Quote:
Originally Posted by mrmikel
Since you are in an academic environment, you are going to find some problems if you try to venture outside of PDF for heavily formatted books. Epubs are based on reflowing text, which means NO fixed page numbers, unless you leave visible page numbers in the text. It also means that text can be hard to pin down along side images and that tables are the work of the devil. This variable page size also means that footnotes can end up some distance from the original text on the page. Many go to notes at the end of a chapter to solve this. Small text like footnote citations can be hard to see on a small device. Inset descriptions by biographies of people mentioned in the texts can cause a major break in the flow of the text in smaller readers.
You may be the first to make this all work and have your future made....or they may cart you away to somewhere for troubled people muttering, but why can't I get that table to work??????
You will need to check the death dates of any author you propose to digitize, 70 years ago being a good average, but check the laws of your country. Copyright can be a gigantic headache.
|
Yea. So I've seen. Epubs are are a bit of a pain when it comes to situations like the one I'm gonna go through. You couldn't have said it better: work of the devil.
I gave a quick glance at the text I'm working. It's heavy on footnotes. Maybe I can lure the crew into working in another way; possibly doc.... they prefer Epub style. They also don't want to pack themselves with too much work. Maybe I can get to them that way: Epub's more work than what they can chew on.
Quote:
Originally Posted by mrmikel
You may be the first to make this all work and have your future made.... or they may cart you away to somewhere for troubled people muttering, but why can't I get that table to work??????
|
We may be subversive brats from a third world country, but one thing's for sure: we're economic, we're quick and we're efficient. If we like it, we get it done in the most cost-effective manner and without losing any quality of work. Ruthless pragmatism is what I use to call it.. others call it different though lol.
Having said this, you don't need to worry on watching me strapped in white and in a fetal position

for that matter I should've been in that condition long time ago for other reasons (; lol
Quote:
Originally Posted by Tex2002ans
a destructive method.... you have to destroy the book.... and I do not know how well very old pieces of paper would handle that method (probably not well at all)
|
nope nopitty nope NOPE... Not even gonna think about that one.
Just came from testing lighting and DPI in the university's photo studio. Scanned a few pieces and did the OCR in my comp. Seems to work just fine. As a matter of fact, the OCR showed little to no mistakes.
The book was quite clean: clean characters, clean pages, clean footers and headers. Clean everything.. I'll be returning in a few hours in order to check out the typewriter text and old papers.
Quote:
Originally Posted by Tex2002ans
Typically with OCR, the further you move away from English, the worse the OCR accuracy becomes. I don't have too much experience with Spanish (typically the books that I convert have lots of French/German names/references).

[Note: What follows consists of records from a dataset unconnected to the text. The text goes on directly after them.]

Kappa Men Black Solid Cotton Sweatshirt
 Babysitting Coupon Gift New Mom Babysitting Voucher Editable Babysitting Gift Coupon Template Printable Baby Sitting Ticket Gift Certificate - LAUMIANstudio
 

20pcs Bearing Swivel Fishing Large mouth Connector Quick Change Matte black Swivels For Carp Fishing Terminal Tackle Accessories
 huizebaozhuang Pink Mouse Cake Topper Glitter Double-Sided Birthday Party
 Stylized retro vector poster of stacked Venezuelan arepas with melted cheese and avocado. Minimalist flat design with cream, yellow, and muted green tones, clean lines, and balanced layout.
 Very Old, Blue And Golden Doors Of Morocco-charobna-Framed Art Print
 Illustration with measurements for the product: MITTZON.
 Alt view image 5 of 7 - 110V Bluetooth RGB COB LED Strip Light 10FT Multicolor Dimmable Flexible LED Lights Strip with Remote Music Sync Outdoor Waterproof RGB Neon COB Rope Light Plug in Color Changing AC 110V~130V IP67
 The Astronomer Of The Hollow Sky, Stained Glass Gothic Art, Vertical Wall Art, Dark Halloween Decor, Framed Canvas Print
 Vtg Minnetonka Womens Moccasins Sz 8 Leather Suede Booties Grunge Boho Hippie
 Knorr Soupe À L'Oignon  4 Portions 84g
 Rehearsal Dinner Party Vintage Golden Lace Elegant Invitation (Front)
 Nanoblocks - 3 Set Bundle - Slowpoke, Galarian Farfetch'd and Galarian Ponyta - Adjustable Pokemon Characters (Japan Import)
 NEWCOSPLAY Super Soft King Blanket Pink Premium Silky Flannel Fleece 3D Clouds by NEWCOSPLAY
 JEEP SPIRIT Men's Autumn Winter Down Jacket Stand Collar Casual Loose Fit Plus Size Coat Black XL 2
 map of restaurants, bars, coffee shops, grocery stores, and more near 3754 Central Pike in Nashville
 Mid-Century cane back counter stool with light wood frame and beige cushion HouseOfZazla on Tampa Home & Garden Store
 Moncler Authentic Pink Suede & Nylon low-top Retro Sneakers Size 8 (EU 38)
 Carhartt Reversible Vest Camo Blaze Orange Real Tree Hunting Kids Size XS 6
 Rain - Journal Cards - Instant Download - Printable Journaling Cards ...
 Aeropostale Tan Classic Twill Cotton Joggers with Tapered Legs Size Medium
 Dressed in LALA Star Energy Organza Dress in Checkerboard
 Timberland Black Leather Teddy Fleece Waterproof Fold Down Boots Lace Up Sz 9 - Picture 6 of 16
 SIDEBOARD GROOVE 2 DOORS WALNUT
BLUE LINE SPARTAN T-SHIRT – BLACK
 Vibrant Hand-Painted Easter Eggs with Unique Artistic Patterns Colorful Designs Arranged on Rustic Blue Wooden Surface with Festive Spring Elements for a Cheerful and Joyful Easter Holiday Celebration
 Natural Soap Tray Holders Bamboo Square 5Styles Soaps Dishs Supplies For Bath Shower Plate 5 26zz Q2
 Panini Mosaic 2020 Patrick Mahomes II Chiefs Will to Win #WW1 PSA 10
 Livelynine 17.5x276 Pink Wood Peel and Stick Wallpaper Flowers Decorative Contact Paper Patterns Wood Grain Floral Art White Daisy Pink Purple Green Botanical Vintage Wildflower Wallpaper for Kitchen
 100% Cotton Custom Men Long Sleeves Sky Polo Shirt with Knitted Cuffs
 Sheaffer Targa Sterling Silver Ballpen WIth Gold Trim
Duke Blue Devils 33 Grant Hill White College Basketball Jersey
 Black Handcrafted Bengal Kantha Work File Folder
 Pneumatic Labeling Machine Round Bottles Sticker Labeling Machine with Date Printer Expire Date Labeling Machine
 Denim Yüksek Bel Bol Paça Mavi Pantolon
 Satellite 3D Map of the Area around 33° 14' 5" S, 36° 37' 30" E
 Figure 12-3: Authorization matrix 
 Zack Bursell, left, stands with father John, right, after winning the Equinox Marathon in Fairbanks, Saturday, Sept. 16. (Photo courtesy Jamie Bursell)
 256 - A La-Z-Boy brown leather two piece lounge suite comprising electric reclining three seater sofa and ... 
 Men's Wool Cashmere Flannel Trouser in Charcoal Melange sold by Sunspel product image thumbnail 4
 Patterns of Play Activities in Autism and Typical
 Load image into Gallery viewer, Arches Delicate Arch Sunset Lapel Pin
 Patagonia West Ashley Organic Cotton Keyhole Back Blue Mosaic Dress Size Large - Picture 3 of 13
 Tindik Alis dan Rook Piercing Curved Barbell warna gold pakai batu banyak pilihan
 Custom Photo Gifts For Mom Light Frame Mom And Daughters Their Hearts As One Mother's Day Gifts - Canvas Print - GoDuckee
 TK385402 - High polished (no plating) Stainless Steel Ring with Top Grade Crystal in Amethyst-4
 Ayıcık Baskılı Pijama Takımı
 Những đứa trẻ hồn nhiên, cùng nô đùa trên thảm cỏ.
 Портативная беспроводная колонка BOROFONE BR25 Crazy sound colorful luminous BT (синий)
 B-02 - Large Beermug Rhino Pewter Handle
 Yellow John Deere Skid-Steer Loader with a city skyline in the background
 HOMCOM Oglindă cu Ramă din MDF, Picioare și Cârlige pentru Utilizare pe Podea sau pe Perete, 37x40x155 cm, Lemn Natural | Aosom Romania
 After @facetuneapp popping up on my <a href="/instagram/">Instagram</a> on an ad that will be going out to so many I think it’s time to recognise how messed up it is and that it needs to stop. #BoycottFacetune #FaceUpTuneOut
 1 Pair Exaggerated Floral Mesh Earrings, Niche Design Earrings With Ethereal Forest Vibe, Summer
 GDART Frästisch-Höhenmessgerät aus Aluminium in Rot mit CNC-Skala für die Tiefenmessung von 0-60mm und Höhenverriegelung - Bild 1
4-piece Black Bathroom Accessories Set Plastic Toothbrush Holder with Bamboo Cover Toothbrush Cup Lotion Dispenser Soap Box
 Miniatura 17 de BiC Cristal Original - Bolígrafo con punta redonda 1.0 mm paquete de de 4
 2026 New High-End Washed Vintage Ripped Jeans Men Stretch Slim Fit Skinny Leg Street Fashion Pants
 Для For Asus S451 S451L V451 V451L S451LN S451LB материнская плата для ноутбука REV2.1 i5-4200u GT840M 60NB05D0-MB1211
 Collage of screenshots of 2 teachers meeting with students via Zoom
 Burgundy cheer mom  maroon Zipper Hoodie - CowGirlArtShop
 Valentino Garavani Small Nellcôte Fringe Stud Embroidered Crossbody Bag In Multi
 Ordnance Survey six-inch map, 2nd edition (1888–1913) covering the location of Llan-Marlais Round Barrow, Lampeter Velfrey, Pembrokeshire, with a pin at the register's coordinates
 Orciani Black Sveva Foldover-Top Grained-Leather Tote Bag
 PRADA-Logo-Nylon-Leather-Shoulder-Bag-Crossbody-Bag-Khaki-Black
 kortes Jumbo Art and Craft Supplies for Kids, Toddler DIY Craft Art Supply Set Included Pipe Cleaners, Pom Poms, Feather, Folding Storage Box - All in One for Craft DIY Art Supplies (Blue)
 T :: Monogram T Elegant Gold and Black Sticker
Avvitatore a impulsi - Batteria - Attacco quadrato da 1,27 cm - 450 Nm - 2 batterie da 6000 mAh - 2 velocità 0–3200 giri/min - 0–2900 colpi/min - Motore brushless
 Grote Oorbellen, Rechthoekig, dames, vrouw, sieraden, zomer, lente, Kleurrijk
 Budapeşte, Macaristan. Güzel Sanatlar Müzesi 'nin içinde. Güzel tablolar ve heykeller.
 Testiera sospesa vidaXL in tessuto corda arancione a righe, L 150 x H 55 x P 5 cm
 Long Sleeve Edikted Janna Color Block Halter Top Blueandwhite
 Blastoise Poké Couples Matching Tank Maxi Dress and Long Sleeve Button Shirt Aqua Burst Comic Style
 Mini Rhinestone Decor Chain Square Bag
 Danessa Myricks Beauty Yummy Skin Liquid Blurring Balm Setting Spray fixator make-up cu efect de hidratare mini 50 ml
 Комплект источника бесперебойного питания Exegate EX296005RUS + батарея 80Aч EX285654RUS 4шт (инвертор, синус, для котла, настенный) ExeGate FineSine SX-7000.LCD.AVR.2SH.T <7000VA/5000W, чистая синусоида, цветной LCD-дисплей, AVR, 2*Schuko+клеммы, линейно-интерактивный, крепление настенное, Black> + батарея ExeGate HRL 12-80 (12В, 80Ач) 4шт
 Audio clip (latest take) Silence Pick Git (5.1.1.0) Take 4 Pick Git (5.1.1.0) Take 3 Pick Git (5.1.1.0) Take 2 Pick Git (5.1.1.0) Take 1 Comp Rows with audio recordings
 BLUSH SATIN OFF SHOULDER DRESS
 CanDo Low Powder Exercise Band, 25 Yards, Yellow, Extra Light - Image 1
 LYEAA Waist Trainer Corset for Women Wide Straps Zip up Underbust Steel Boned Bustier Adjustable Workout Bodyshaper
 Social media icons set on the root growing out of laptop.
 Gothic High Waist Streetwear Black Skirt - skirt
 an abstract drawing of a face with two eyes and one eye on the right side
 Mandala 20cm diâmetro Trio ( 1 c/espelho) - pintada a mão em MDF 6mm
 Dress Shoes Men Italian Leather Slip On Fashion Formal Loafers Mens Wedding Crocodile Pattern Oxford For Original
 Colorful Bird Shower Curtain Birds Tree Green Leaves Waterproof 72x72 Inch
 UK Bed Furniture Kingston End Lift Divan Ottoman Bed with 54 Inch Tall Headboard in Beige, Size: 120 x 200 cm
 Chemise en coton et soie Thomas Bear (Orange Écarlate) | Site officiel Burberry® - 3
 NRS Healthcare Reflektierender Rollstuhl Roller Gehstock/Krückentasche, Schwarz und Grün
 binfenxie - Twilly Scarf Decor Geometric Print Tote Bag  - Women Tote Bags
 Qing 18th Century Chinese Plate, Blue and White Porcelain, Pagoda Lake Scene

The only book that I recall working on that had a massive amount of Spanish was, "The Socialist Empire: The Incas of Peru" by Louis Baudin
|
I just tried scanning a few pages of a spanish book I have. Turns out the OCR went quite well. Even most tildes were set up. So yea, as you said: it really depends on the font.
German and french... OOH I thank my sweet baby Jesus that I ain't touching any of those. I asked if any text had any other languages. They said "just spanish/english". I left quite relieved
Ah! El Imperio Socialista de los Incas de Louis Baudin.. REALLY interesting read. Left it halfway through since I had to read other stuff but I might try again and finish it sometime.
Quote:
Originally Posted by Tex2002ans
Just don't forget in Finereader, at the very top, to set the Language to "Spanish" (or maybe, "English; Spanish")....... I have run through too many books with the wrong languages selected, and by the time I notice all the missing accents, it is too late.
|
Gotcha
lol that must be a pain
Quote:
Originally Posted by Tex2002ans
[editable copies]might make it easiest to A/B compare with the PDF. I believe that method still keeps all the pages, just throws out a nice amount of formatting overhead, and doesn't try to place text EXACTLY where it appeared
|
}
ACTUALLY, now that you mention it, an editable copy is the best one. It keeps some headers/footers; if the font in word is the same font as the book, then the page formatting leaves each page 99% identical with the original book page. Titles and headings are also identified (although badly and sometimes it doesn't but that can be worked with easily).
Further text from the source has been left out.